If you plan to look outside dell try HP 6017tx or 6121tx. Comes with GDDR5 Gfx. It is a much faster card than GT540m in Alienware or XPS15. Price 53k


----------



## aroraanant (Jun 19, 2011)

you can also have a look at macbook pro


----------



## comp@ddict (Jun 19, 2011)

XPS 15, although the GT525M is hardly anything in gaming, it's still "okay" to play. GT540M is an overclocked GT525M, the next step is the GT555M




> Go for XPS 15. Alienware 11 does not have a dvd drive so you'll have to buy one. Gfx is same on both. You'll be able to plat Crysis 2 on mid settings and maybe witcher on low settings.
> 
> If you plan to look outside dell try HP 6017tx or 6121tx. Comes with GDDR5 Gfx. It is a much faster card than GT540m in Alienware or XPS15. Price 53k



What price did you get the lappy? And how's the gaming experience on the HD6770M?


----------



## marvelousprashant (Jun 19, 2011)

What price did you get the lappy? And how's the gaming experience on the HD6770M?[/QUOTE]

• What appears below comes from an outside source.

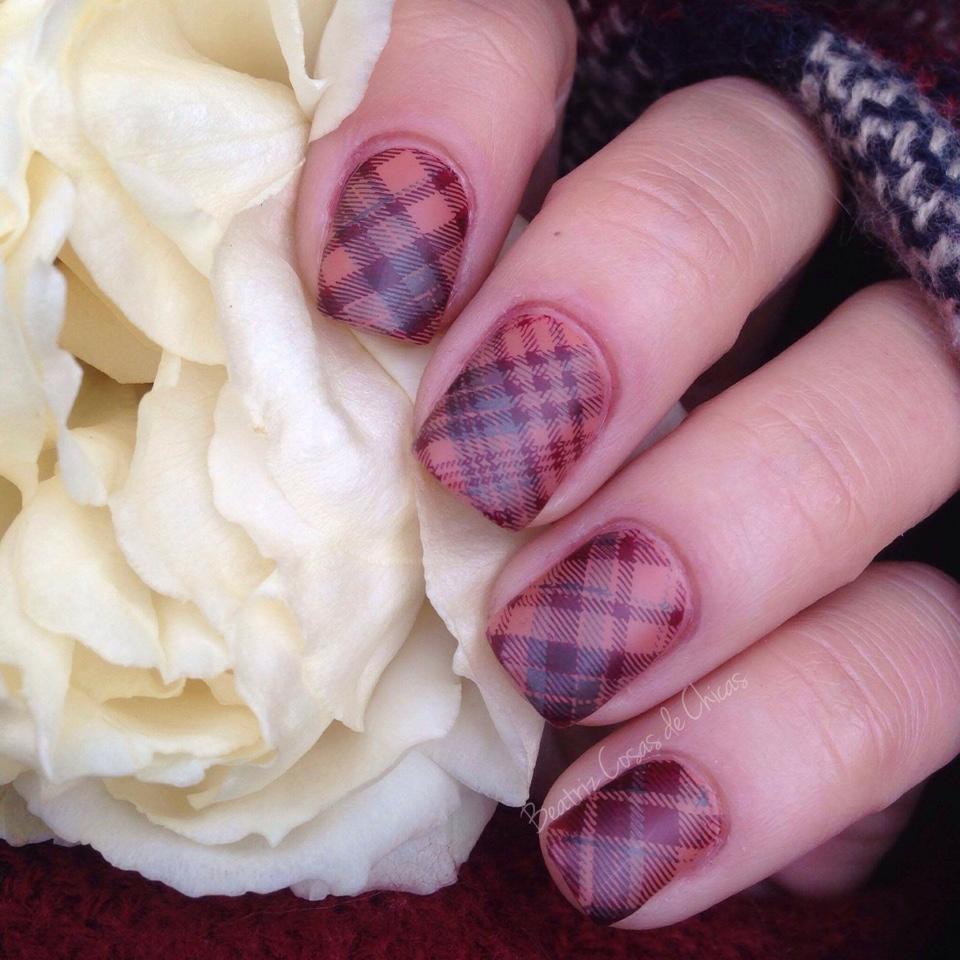 konad-marron-a-cuadros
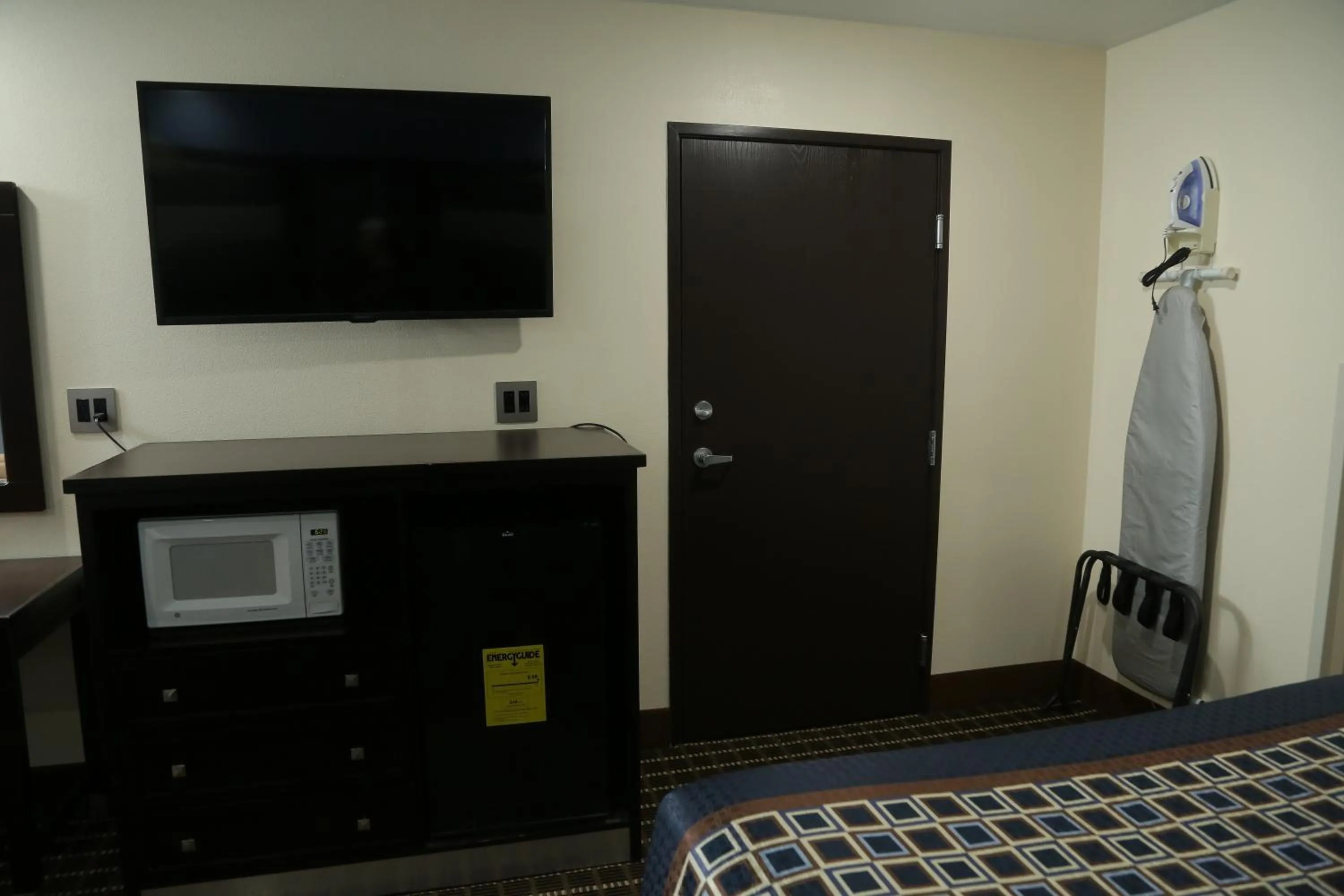 Bed in Theroff's Motel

Crysis 2 max settings 25fps
Witcher2 can run on mid settings
Black Ops 50-60fps
Got this for 53k


----------



## comp@ddict (Jun 19, 2011)

Here's the amazing laptop!

HP Pavilion dv6-6017tx Entertainment Notebook PC (LQ460PA) specifications - HP Home & Home Office products

52k now, can't believe we all missed this.

@ OP, go for this laptop!


----------



## b_chax06 (Jun 20, 2011)

thanx guys...i think m gona opt for the xps 15.....it looks great on the outside and the inside quite good too


----------



## comp@ddict (Jun 20, 2011)

^^ sure? I mean you'll be forgoing the HD6770M so think about it once.


----------



## marvelousprashant (Jun 20, 2011)

If you are keen in XPS buy the new XPSz. it is slimmer and have nice looks


----------



## ps230793 (Jun 27, 2011)

If gaming is all you want alienware is good enough for you. But if you want portability with it go for xps. 15z is also good. Also have a look at macbook pro 15inch 2011 edition. Alienware is huge and power hungry but very fast. Also it has only 2hrs of battery life when gaming at max. Good luck. Also dont forget to opt for accidental cover policy for dell. Mac dont have it which is a shame.....


----------



## b_chax06 (Jul 4, 2011)

is there any troubleshoot issue with xps 15 n xps 15z???


----------



## xtremevicky (Jul 4, 2011)

Get Dell XPS 15. Overall a better Laptop !


----------